The site features include a daily horoscope, chat rooms, message boards, tagbooks, faceoffs, photo albums, user-submitted content such as concert reviews and a sex & dating blog and a Bolt store that sells merchandise. The site previously hosted a free e-mail service, but it was discontinued due to email companies such as Yahoo and Google providing between 1 and nearly 3 gigabytes of email storage for free, rendering Bolt's email service obsolete.
[edit] Trivia
- Originally, bolt2.com was to be called classicbolt.com
- Almost from the beginning Bolt member LoLiEpOpPe for 7 years was the highest ranking badge collector until she was dethroned in April 2006 by o0oBaByDoLLo0o.
- The Badge Race Club was one of the most influential clubs that had the highest participation ratios per member count and even spawned a rival club Badge Wars create by former members when they were banned.
- Bolt.com had an email service that launched twice and was removed twice. For a short time, it had video capabilties. The video feature is now a prominent feature in the new bolt.com and is not available on the bolt2.com site.
- Bolt created a website for 7-up called Gulpit.com in November 25, 2002 that featured bottle caps instead of badges. It was poorly maintained and only visited when a bottle cap was offered that also featured a badge. After 3 bottle caps the site has never updated again. It has since been taken down as of March 4, 2005.

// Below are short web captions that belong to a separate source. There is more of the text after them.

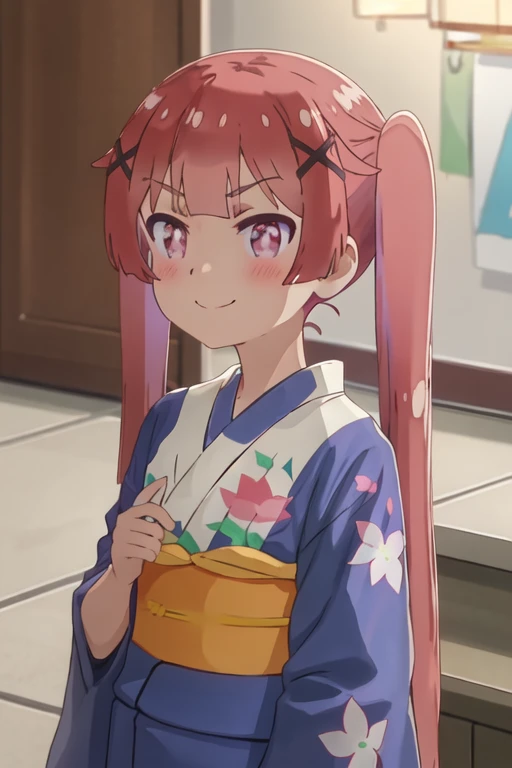 best quality, masterpiece, highres, solo, {koyori_tanemura_watashinitenshigamaiorita:1.15}, bangs, blush, long_hair, hair_ornament, x_hair_ornament, twintails, purple_eyes, red_hair, closed_mouth, smile, brown_hair, indoors, very_long_hair, 1girl, blue_kimono, japanese_clothes, kimono, upper_body, yukata, floral_print, looking_at_viewer, print_kimono, blurry, blurry_background, v-shaped_eyebrows, depth_of_field, night, sidelocks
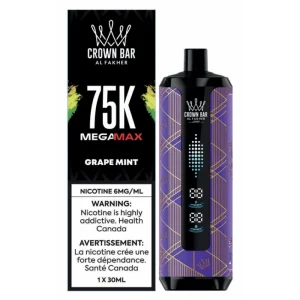 Al Fakher Crown Bar Mega Max 75K – Grape Mint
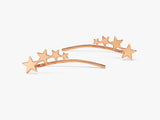 14k Gold Star Crawler Earrings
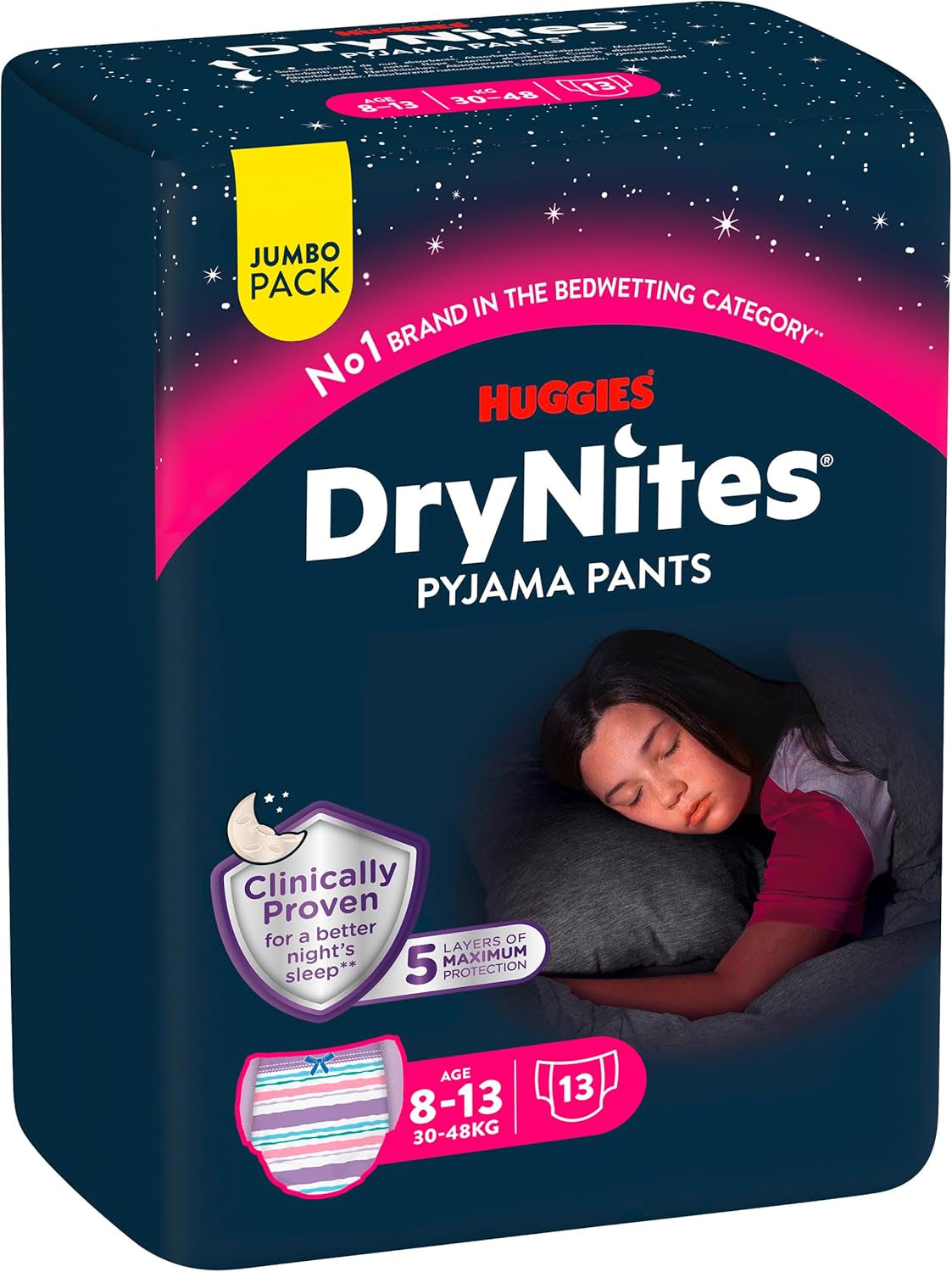 Huggies DryNites Nachtelijke bedplasluiers voor jongens van 13 tot ongeveer 8-13 jaar (30-48kg) 33-delig (3x11) Jumbo Maandpakket XL Luierslipjes Vazba Badproducten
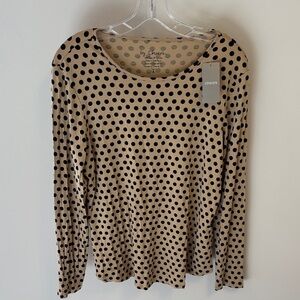 Chico's NWT Karina Polka Dot Long Sleeve Top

- Angry Bolt users created a site called Boltsucks.com in response to the message board being taken down during the revamp in 2004. During this time, they created their own badges, including a very vulgar badge for telling off a bolt staff member. Boltsucks.com went through a series of crashes, and it was finally decided by the members and administrators of boltsucks.com that it would be best to shut the site down for good.
- A club was created to promote a FOX show Wonderfalls in February 2004. A badge was given to members who joined to help spread the word of the show to increase viewership and the show's ratings. The show was cancelled in early April and the club was quickly deleted. Those that had the badge are fortunate enough to claim this rare item.

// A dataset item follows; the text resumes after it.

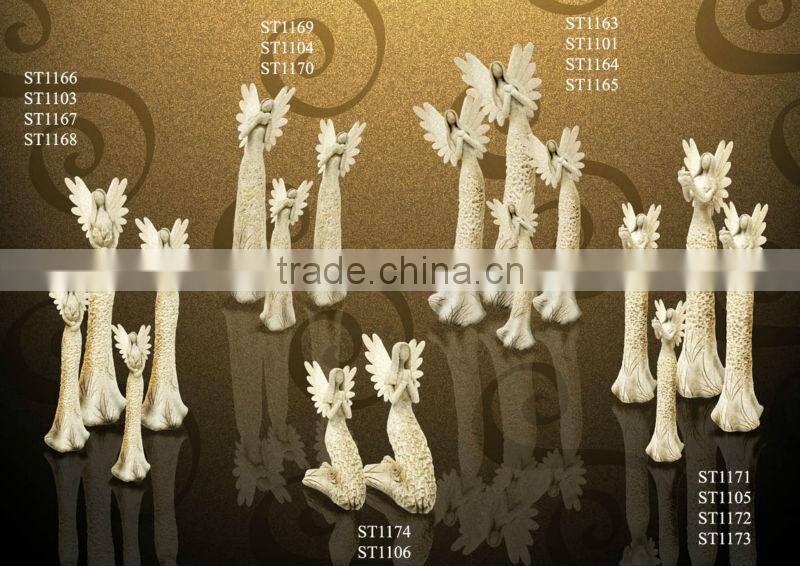 Angel with dove sculpture angle statue garden decoration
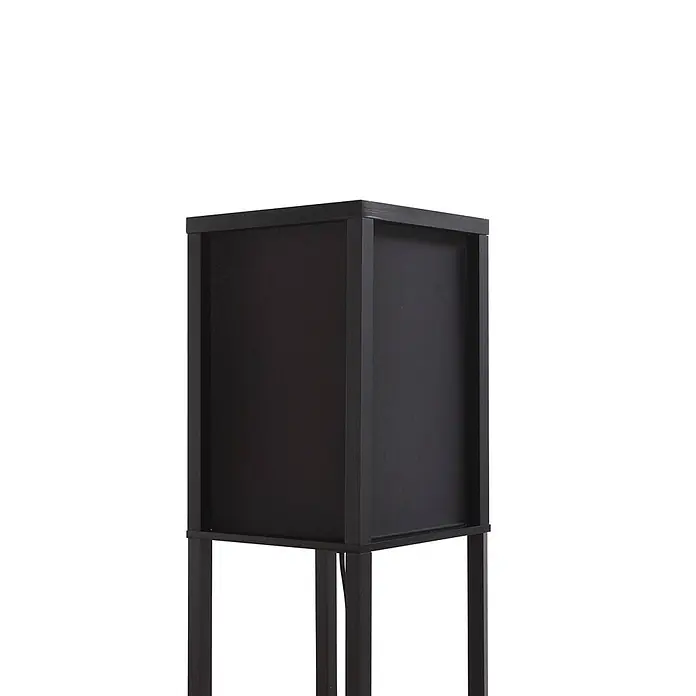 Lindby Stehlampe Wohnzimmer in schwarz, Stehleuchte -  - Schwarze moderne Stehlampe mit kubischem Schirm und schlanken Beinen.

- In recent months, the site has been overrun by hackers who have given themselves the powers of moderators and have taken to deleting the posts of those they do not favor. This, coupled with the neglect from the site's owners, has resulted in even the most loyal veterans deciding to move on from the site.

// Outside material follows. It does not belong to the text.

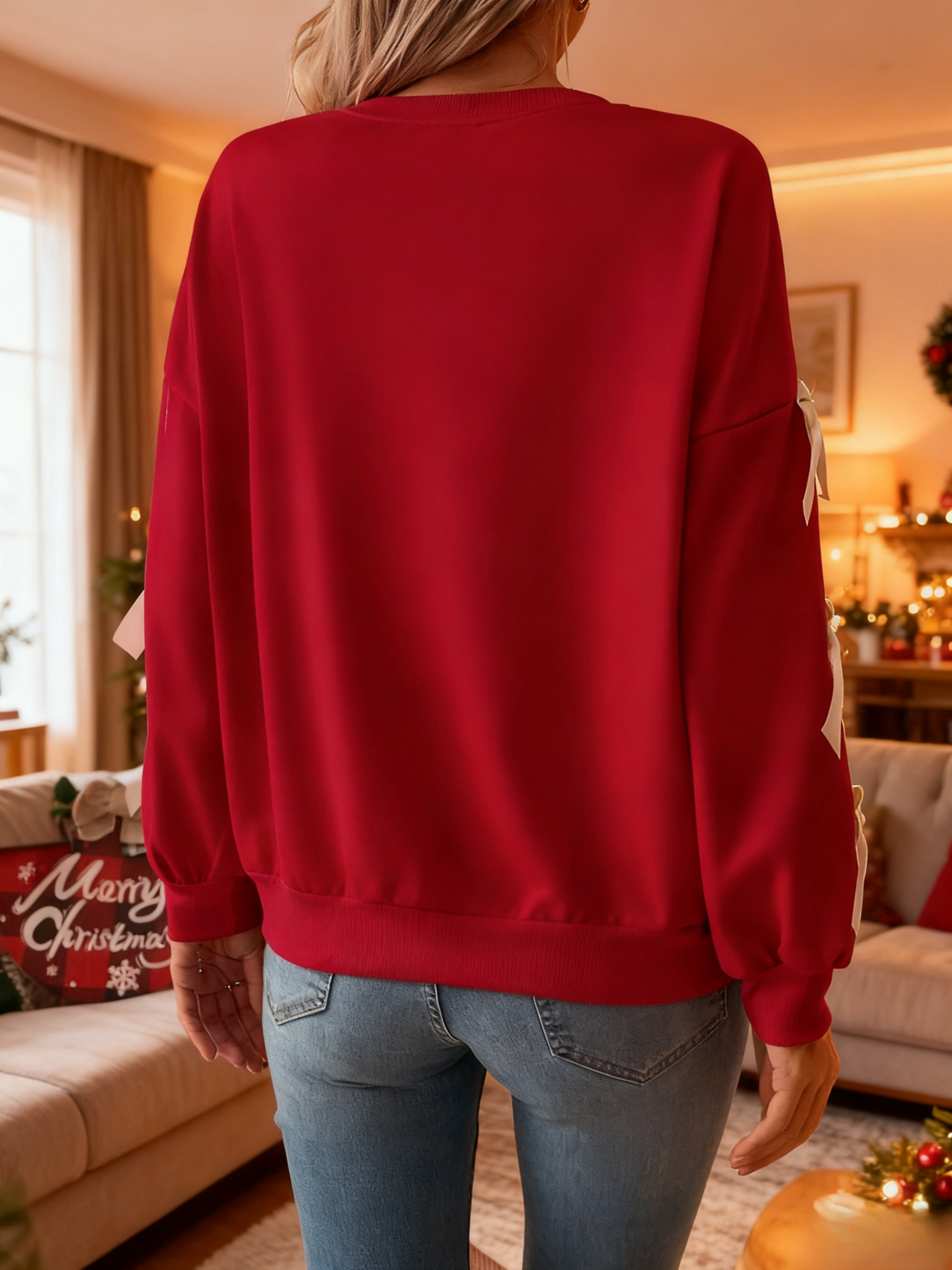 Close-up of bow on red crew neck sweatshirt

- Bolt2 used to have "radio stations" and members who submitted songs that they wanted to hear on Bolt Radio received the bolt dj badge.
- Even though Corey Clark was officially kicked off of American Idol in April of 2003, Bolt still kept his board up for his loyal fan. The board was eventually taken over by the Corey Haters lead by libs_mom, heath_h, silvermix, and pa_dutch. The Corey board was ultimately deleted in 2005 due to lack of usage.
[edit] The American Idol Effect
In 2003 Bolt was the official message board for FOX's American Idol during the second season. This created a swarm a new members signing up to only talk about American Idol. This did not sit well with the veterans. FOX later created and maintained their own message boards for the third season, but cross promotion still continued with AI sponsored quizzes, avatars, and badges. By the fourth season, the cross promotion was gone, but the message boards were still created and maintained. There were no message boards created for the fifth season of American Idol.